When I didn’t show up for my senior year of high school, people began to speculate. The rumors that went around were that either I went nuts and had to be institutionalized, or that I got really messed up on drugs, neither of which was true. In fact, both are pretty laughable. I has a reputation as a very straight edge kid (read: goody two shoes) in high school, that I have never even smoke a single cigarette!

So what happened? Where was I when I should have been in high school?

Well, I skipped my senior year of high school. Because I had completed most of the required coursework, I just went right from 11th grade to college, and the decision to do so was rather last minute, so no one but my closest friends knew where I was. I kept in touch with them via occasional letters, but others bought into the rumors and helped to spread them.

We’ve all done that. We hear rumors about individuals and businesses, and often pass them on to others with the assumption they are true. Sadly, this happens all too often, and I bet a lot of untruths, some of them damaging, are circulating the web.

If this had happened to me today, it would be very easy for me to battle. I would have been connected to my high school classmates on Facebook, and they would have known what was going on in my life. And if the rumors started, I could easily counter them by telling people what I was up to.

By being online and using various social networks, I have the ability to tell my story. In fact, I have the ability to tell it, and retell it, every day. It doesn’t mean the bad stories will go away completely. They will always linger. There are still people who swear up and down that Mikey died after ingesting Coke and Pop Rocks. This is why people continue to forward those crazy emails and perpetuate those crazy stories on Facebook, even though Snopes has disproved them years ago. People like scandal and bad stories.

If you monitor your brand online, you’ll often find these bad things. Often they come in the form of opinion or bad reviews on sites like Yelp or Google+. People post their opinions, and others buy into them, without the benefit of personal experience.

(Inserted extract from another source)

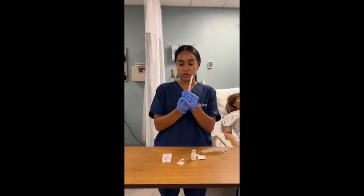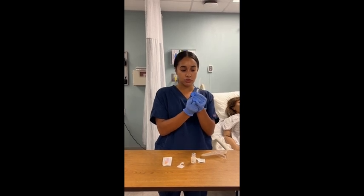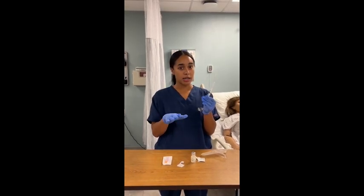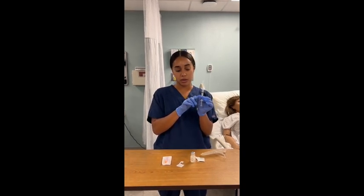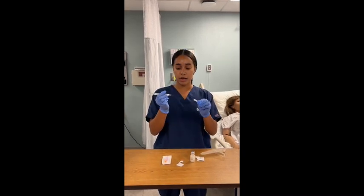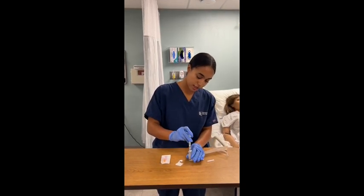I'm going to pull back and draw up. I'm just going to do one milliliter just for reference, but you'd want to check your MAR and make sure you have the right dose that you're drawing up. So you want to pull back one milliliter of air, take the cap off, and inject it into the vial.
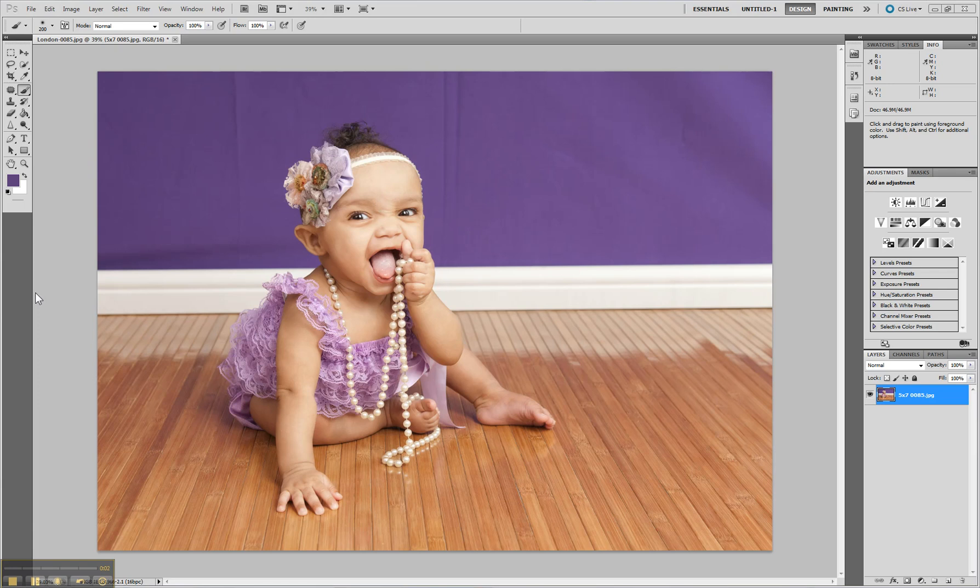Hi, this is Lori with Pixels Photography and today I'm going to show you how to replace a background that's wrinkled with a solid color.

I got caught up in this the other day on Facebook. I was asking people where we could go to get a nice milkshake, and I got lots of responses. One response was for a restaurant I had heard not so great things about. I knew that they had had one of those infamous Facebook blowups where they got into an online rant and battle with some of their patrons who had posted not so nice things about their customer service. And while this was over a year ago, I still remembered this, and it turned me off about the business. Others weighed in telling me they enjoyed the place, and eventually someone else weighed in: the manager of the restaurant. I didn’t realize it, but I am connected on Facebook with the current manager, and he popped in to tell me that whatever happened must have been before his time, and he assured me things were different. In so doing, he told me a part of his business’s story, and now I’m eager to try it out.

It worked. I’ll give them a chance, after having written them off based on things I had seen and heard in the past.

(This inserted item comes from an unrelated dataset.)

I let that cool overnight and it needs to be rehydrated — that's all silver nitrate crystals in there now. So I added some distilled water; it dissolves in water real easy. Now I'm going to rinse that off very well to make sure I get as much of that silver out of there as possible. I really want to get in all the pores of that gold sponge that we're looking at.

This is why it’s important for a business to tell its story online. And to keep telling it. Not only does it tell people who you are, but it also corrects misinformation and tells them who you aren’t. In fact, every blog post, every status update, every photo, and so on, is a part of telling your story.

We need to tell our stories continuously so that there is no confusion about the facts. Just make sure that the story you tell, matches reality. If the two don’t match, people will call you out on it.

By telling your story day in and day out, and telling it well, you will make it more difficult for false stories and misconceptions to take root and grow. Oh, that will still happen. People will still say bad things and believe bad things, but  you can just keep telling your story and pointing them to the truth.

And an important part of telling your story is to listen to the story others are telling about you, so that you can tap into that, and make corrections where needed.

How are you telling your brand story, and what’s the story others are telling about you?